We can investigate the possible connection further by adding one final operator to our model.

Figure 6

In the search field in the operator lab, search for Create Association Rules operator and drag it to your model, as illustrated in figure 7. This operator takes in frequent pattern matrix data and seeks out any patterns that occur so frequently that could be considered as rules. The Create Association Rules operator generates both a set of rules (through the rul port) and a set of associated items (through the ite port).  In this model we are looking just for generating rules, so we simply connect the its rul port to the res port of the process window.

Figure 7

One of the influential parameters of this operator is Min Confidence. Confident percent is a measure of how confident we are that when one attribute is flagged as true, the associated attribute will also be flagged as true. It is gained by dividing the number of times that a rule occurs by the number of times that it could have occurred. If your model does not generate any rules you may need to decrease the confidence percent. In this example, since we have used just limited numbers of non-real input data, we ended up with lots of rules with high confident percentages which is not a case in real world problem.

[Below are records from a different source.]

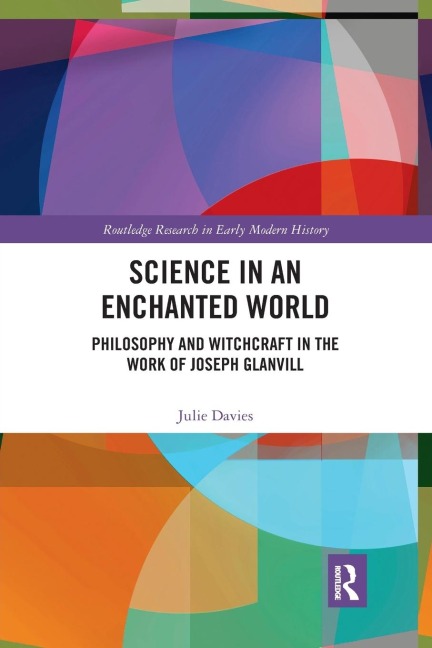 Science in an Enchanted World: Philosophy and Witchcraft in the Work of Joseph Glanvill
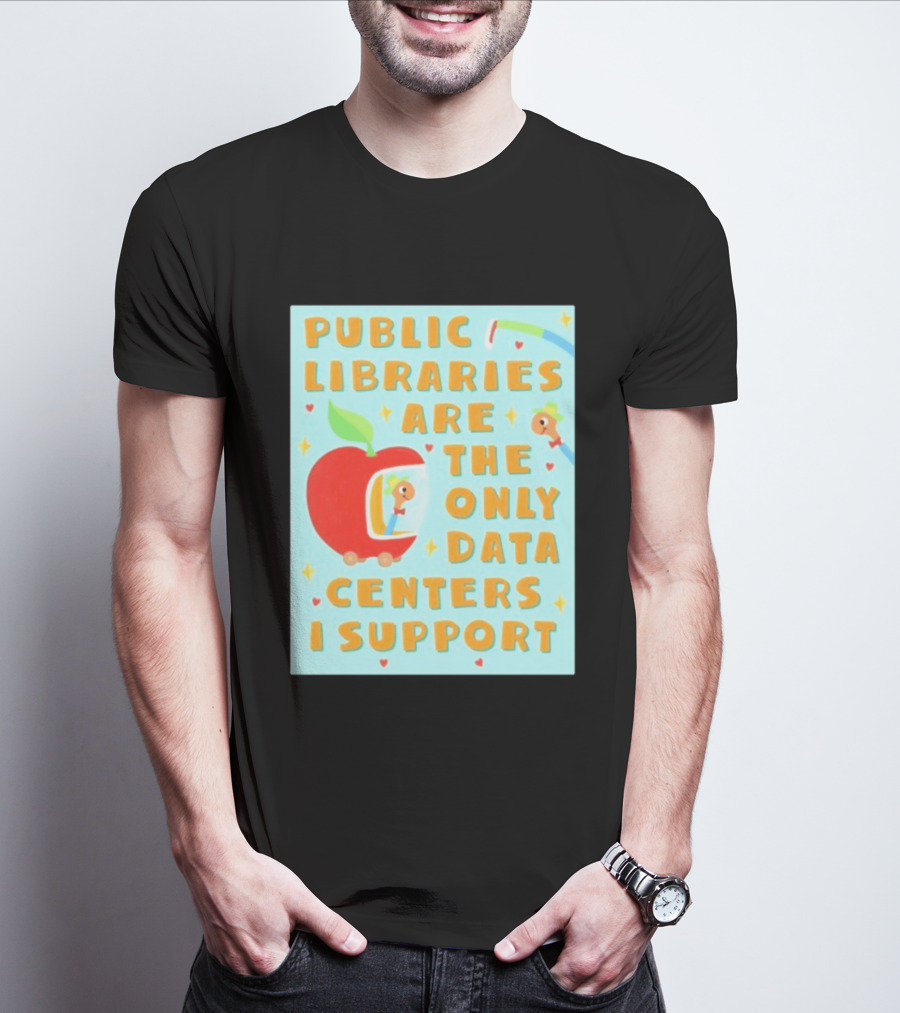 Public Libraries Are The Only Data Centers I Support Apple T-Shirt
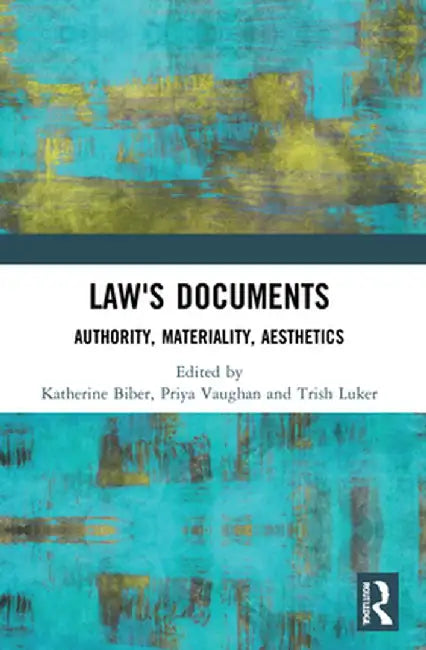 Law's Documents: Authority, Materiality, Aesthetics by Katherine Biber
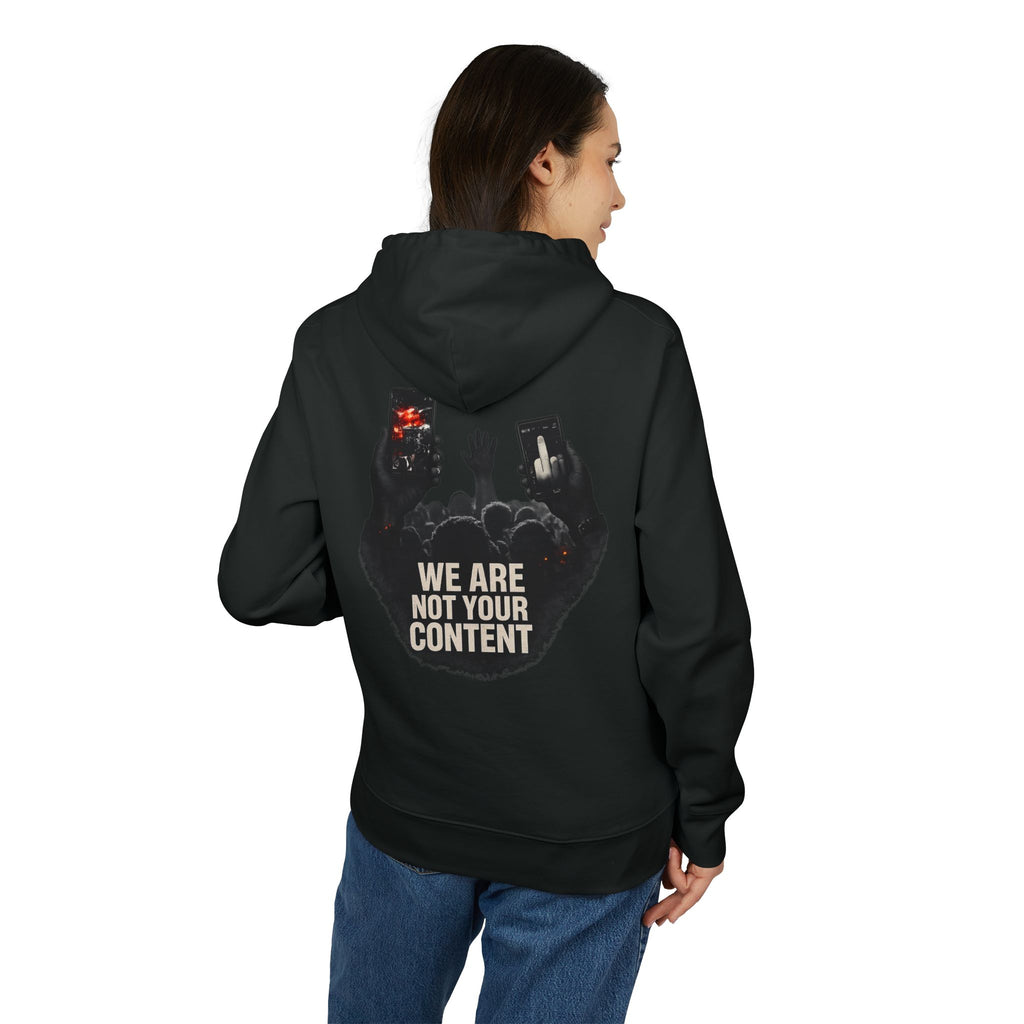 Protest Photo Hoodie - "We Are Not Your Content" Statement Pullover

As you see in figure 8, lots of redundant rules were generated which have either side effects (SE#) in Premises or drugs (D#) in Conclusion. By looking at the input data, one can say that the correct rules should contain drugs in Premises and side effects in Conclusion. So, as you see in the below picture, just this type of rules is highlighted by red arrows and the rest are redundant,

Figure 8

Again one should take it into consideration that the limited number of non-real input data and special types of data in this example led to generating lots of rules with high levels of confidence and support. In a real problem this is not the case and usually limited numbers of rules are generated with high or moderate levels of confidence and support.